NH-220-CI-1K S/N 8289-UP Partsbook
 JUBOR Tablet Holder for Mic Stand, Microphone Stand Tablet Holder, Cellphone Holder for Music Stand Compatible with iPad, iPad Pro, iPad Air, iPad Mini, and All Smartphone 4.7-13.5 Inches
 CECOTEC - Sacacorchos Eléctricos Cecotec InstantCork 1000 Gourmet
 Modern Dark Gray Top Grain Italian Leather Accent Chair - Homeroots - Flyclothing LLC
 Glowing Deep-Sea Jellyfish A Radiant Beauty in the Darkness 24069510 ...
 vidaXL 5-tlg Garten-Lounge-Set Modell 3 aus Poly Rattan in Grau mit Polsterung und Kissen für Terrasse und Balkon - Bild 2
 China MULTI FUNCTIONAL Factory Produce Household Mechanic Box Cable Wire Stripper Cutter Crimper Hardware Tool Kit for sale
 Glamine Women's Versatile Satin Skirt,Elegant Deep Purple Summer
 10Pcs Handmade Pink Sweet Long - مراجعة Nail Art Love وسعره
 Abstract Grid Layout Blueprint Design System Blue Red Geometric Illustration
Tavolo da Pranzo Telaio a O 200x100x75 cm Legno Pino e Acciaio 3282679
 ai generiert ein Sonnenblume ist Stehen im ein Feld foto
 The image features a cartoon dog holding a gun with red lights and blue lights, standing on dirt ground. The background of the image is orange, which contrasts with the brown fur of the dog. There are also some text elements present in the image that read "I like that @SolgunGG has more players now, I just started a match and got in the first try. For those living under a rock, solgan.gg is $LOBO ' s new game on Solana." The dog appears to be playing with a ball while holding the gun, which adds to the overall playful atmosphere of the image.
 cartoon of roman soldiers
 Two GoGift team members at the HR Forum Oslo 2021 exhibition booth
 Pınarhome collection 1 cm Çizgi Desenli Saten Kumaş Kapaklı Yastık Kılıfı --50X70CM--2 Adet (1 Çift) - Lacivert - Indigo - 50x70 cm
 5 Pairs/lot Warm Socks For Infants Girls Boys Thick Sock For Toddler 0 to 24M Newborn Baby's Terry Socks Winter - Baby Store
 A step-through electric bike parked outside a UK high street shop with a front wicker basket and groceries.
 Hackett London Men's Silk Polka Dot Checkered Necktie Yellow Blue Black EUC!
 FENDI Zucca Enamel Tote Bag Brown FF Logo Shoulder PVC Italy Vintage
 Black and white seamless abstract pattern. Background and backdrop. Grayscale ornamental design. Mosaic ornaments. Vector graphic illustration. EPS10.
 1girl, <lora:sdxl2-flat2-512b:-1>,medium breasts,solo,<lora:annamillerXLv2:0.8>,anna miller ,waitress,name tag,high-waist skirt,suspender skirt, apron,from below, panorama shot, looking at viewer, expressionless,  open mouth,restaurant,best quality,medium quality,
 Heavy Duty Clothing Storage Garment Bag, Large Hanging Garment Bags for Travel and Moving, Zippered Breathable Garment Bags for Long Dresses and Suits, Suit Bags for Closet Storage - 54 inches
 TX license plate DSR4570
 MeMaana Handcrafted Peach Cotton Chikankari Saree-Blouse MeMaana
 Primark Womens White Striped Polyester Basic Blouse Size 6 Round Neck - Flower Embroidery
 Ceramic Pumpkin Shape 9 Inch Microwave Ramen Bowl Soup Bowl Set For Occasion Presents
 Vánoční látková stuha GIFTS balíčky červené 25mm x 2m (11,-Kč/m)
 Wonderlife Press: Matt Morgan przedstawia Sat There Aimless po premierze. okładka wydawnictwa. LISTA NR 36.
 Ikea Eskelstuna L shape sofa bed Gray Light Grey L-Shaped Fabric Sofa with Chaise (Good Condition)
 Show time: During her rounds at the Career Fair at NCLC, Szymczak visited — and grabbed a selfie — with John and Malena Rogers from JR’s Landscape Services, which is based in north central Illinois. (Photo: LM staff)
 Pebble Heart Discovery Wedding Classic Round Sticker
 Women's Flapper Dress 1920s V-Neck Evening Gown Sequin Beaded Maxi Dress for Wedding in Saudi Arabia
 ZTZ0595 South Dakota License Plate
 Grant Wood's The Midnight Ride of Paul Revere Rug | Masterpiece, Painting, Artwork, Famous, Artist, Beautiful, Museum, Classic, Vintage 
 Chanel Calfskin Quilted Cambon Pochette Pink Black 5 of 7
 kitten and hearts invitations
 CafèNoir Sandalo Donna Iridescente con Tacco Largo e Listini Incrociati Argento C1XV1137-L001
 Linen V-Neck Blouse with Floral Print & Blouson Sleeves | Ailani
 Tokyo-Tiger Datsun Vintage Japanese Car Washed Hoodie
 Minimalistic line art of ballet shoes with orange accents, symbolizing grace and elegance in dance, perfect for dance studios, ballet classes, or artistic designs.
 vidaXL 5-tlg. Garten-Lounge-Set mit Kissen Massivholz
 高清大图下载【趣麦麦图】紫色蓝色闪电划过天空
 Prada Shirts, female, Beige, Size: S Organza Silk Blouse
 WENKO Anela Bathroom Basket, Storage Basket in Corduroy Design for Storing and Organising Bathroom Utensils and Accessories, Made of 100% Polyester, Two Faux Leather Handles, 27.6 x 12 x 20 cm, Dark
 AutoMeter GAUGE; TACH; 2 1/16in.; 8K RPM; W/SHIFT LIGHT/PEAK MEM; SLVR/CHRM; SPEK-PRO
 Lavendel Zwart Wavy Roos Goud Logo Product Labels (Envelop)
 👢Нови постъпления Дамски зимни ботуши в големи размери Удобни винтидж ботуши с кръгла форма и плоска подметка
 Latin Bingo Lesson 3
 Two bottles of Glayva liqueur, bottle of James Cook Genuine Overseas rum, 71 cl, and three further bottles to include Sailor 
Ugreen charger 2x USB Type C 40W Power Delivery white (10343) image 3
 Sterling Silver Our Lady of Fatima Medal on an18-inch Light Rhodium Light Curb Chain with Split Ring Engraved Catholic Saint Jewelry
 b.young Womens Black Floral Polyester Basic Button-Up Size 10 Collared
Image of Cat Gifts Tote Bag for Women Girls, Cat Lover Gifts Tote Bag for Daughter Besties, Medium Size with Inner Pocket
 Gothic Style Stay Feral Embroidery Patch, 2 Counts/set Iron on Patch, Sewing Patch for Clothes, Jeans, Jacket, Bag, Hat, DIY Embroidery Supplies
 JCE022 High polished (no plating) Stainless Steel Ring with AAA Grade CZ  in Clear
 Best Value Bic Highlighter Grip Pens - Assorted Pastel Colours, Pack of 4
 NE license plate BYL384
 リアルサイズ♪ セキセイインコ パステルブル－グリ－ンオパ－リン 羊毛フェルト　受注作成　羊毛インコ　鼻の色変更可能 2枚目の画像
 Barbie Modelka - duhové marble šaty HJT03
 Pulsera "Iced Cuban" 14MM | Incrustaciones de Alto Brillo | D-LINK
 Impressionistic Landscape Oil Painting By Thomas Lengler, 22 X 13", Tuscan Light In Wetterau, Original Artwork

→ Problem details
Return the full listing. Keep each line exactly as it stands.

→ Task response
NH-220-CI-1K S/N 8289-UP Partsbook
 JUBOR Tablet Holder for Mic Stand, Microphone Stand Tablet Holder, Cellphone Holder for Music Stand Compatible with iPad, iPad Pro, iPad Air, iPad Mini, and All Smartphone 4.7-13.5 Inches
 CECOTEC - Sacacorchos Eléctricos Cecotec InstantCork 1000 Gourmet
 Modern Dark Gray Top Grain Italian Leather Accent Chair - Homeroots - Flyclothing LLC
 Glowing Deep-Sea Jellyfish A Radiant Beauty in the Darkness 24069510 ...
 vidaXL 5-tlg Garten-Lounge-Set Modell 3 aus Poly Rattan in Grau mit Polsterung und Kissen für Terrasse und Balkon - Bild 2
 China MULTI FUNCTIONAL Factory Produce Household Mechanic Box Cable Wire Stripper Cutter Crimper Hardware Tool Kit for sale
 Glamine Women's Versatile Satin Skirt,Elegant Deep Purple Summer
 10Pcs Handmade Pink Sweet Long - مراجعة Nail Art Love وسعره
 Abstract Grid Layout Blueprint Design System Blue Red Geometric Illustration
Tavolo da Pranzo Telaio a O 200x100x75 cm Legno Pino e Acciaio 3282679
 ai generiert ein Sonnenblume ist Stehen im ein Feld foto
 The image features a cartoon dog holding a gun with red lights and blue lights, standing on dirt ground. The background of the image is orange, which contrasts with the brown fur of the dog. There are also some text elements present in the image that read "I like that @SolgunGG has more players now, I just started a match and got in the first try. For those living under a rock, solgan.gg is $LOBO ' s new game on Solana." The dog appears to be playing with a ball while holding the gun, which adds to the overall playful atmosphere of the image.
 cartoon of roman soldiers
 Two GoGift team members at the HR Forum Oslo 2021 exhibition booth
 Pınarhome collection 1 cm Çizgi Desenli Saten Kumaş Kapaklı Yastık Kılıfı --50X70CM--2 Adet (1 Çift) - Lacivert - Indigo - 50x70 cm
 5 Pairs/lot Warm Socks For Infants Girls Boys Thick Sock For Toddler 0 to 24M Newborn Baby's Terry Socks Winter - Baby Store
 A step-through electric bike parked outside a UK high street shop with a front wicker basket and groceries.
 Hackett London Men's Silk Polka Dot Checkered Necktie Yellow Blue Black EUC!
 FENDI Zucca Enamel Tote Bag Brown FF Logo Shoulder PVC Italy Vintage
 Black and white seamless abstract pattern. Background and backdrop. Grayscale ornamental design. Mosaic ornaments. Vector graphic illustration. EPS10.
 1girl, <lora:sdxl2-flat2-512b:-1>,medium breasts,solo,<lora:annamillerXLv2:0.8>,anna miller ,waitress,name tag,high-waist skirt,suspender skirt, apron,from below, panorama shot, looking at viewer, expressionless,  open mouth,restaurant,best quality,medium quality,
 Heavy Duty Clothing Storage Garment Bag, Large Hanging Garment Bags for Travel and Moving, Zippered Breathable Garment Bags for Long Dresses and Suits, Suit Bags for Closet Storage - 54 inches
 TX license plate DSR4570
 MeMaana Handcrafted Peach Cotton Chikankari Saree-Blouse MeMaana
 Primark Womens White Striped Polyester Basic Blouse Size 6 Round Neck - Flower Embroidery
 Ceramic Pumpkin Shape 9 Inch Microwave Ramen Bowl Soup Bowl Set For Occasion Presents
 Vánoční látková stuha GIFTS balíčky červené 25mm x 2m (11,-Kč/m)
 Wonderlife Press: Matt Morgan przedstawia Sat There Aimless po premierze. okładka wydawnictwa. LISTA NR 36.
 Ikea Eskelstuna L shape sofa bed Gray Light Grey L-Shaped Fabric Sofa with Chaise (Good Condition)
 Show time: During her rounds at the Career Fair at NCLC, Szymczak visited — and grabbed a selfie — with John and Malena Rogers from JR’s Landscape Services, which is based in north central Illinois. (Photo: LM staff)
 Pebble Heart Discovery Wedding Classic Round Sticker
 Women's Flapper Dress 1920s V-Neck Evening Gown Sequin Beaded Maxi Dress for Wedding in Saudi Arabia
 ZTZ0595 South Dakota License Plate
 Grant Wood's The Midnight Ride of Paul Revere Rug | Masterpiece, Painting, Artwork, Famous, Artist, Beautiful, Museum, Classic, Vintage 
 Chanel Calfskin Quilted Cambon Pochette Pink Black 5 of 7
 kitten and hearts invitations
 CafèNoir Sandalo Donna Iridescente con Tacco Largo e Listini Incrociati Argento C1XV1137-L001
 Linen V-Neck Blouse with Floral Print & Blouson Sleeves | Ailani
 Tokyo-Tiger Datsun Vintage Japanese Car Washed Hoodie
 Minimalistic line art of ballet shoes with orange accents, symbolizing grace and elegance in dance, perfect for dance studios, ballet classes, or artistic designs.
 vidaXL 5-tlg. Garten-Lounge-Set mit Kissen Massivholz
 高清大图下载【趣麦麦图】紫色蓝色闪电划过天空
 Prada Shirts, female, Beige, Size: S Organza Silk Blouse
 WENKO Anela Bathroom Basket, Storage Basket in Corduroy Design for Storing and Organising Bathroom Utensils and Accessories, Made of 100% Polyester, Two Faux Leather Handles, 27.6 x 12 x 20 cm, Dark
 AutoMeter GAUGE; TACH; 2 1/16in.; 8K RPM; W/SHIFT LIGHT/PEAK MEM; SLVR/CHRM; SPEK-PRO
 Lavendel Zwart Wavy Roos Goud Logo Product Labels (Envelop)
 👢Нови постъпления Дамски зимни ботуши в големи размери Удобни винтидж ботуши с кръгла форма и плоска подметка
 Latin Bingo Lesson 3
 Two bottles of Glayva liqueur, bottle of James Cook Genuine Overseas rum, 71 cl, and three further bottles to include Sailor 
Ugreen charger 2x USB Type C 40W Power Delivery white (10343) image 3
 Sterling Silver Our Lady of Fatima Medal on an18-inch Light Rhodium Light Curb Chain with Split Ring Engraved Catholic Saint Jewelry
 b.young Womens Black Floral Polyester Basic Button-Up Size 10 Collared
Image of Cat Gifts Tote Bag for Women Girls, Cat Lover Gifts Tote Bag for Daughter Besties, Medium Size with Inner Pocket
 Gothic Style Stay Feral Embroidery Patch, 2 Counts/set Iron on Patch, Sewing Patch for Clothes, Jeans, Jacket, Bag, Hat, DIY Embroidery Supplies
 JCE022 High polished (no plating) Stainless Steel Ring with AAA Grade CZ  in Clear
 Best Value Bic Highlighter Grip Pens - Assorted Pastel Colours, Pack of 4
 NE license plate BYL384
 リアルサイズ♪ セキセイインコ パステルブル－グリ－ンオパ－リン 羊毛フェルト　受注作成　羊毛インコ　鼻の色変更可能 2枚目の画像
 Barbie Modelka - duhové marble šaty HJT03
 Pulsera "Iced Cuban" 14MM | Incrustaciones de Alto Brillo | D-LINK
 Impressionistic Landscape Oil Painting By Thomas Lengler, 22 X 13", Tuscan Light In Wetterau, Original Artwork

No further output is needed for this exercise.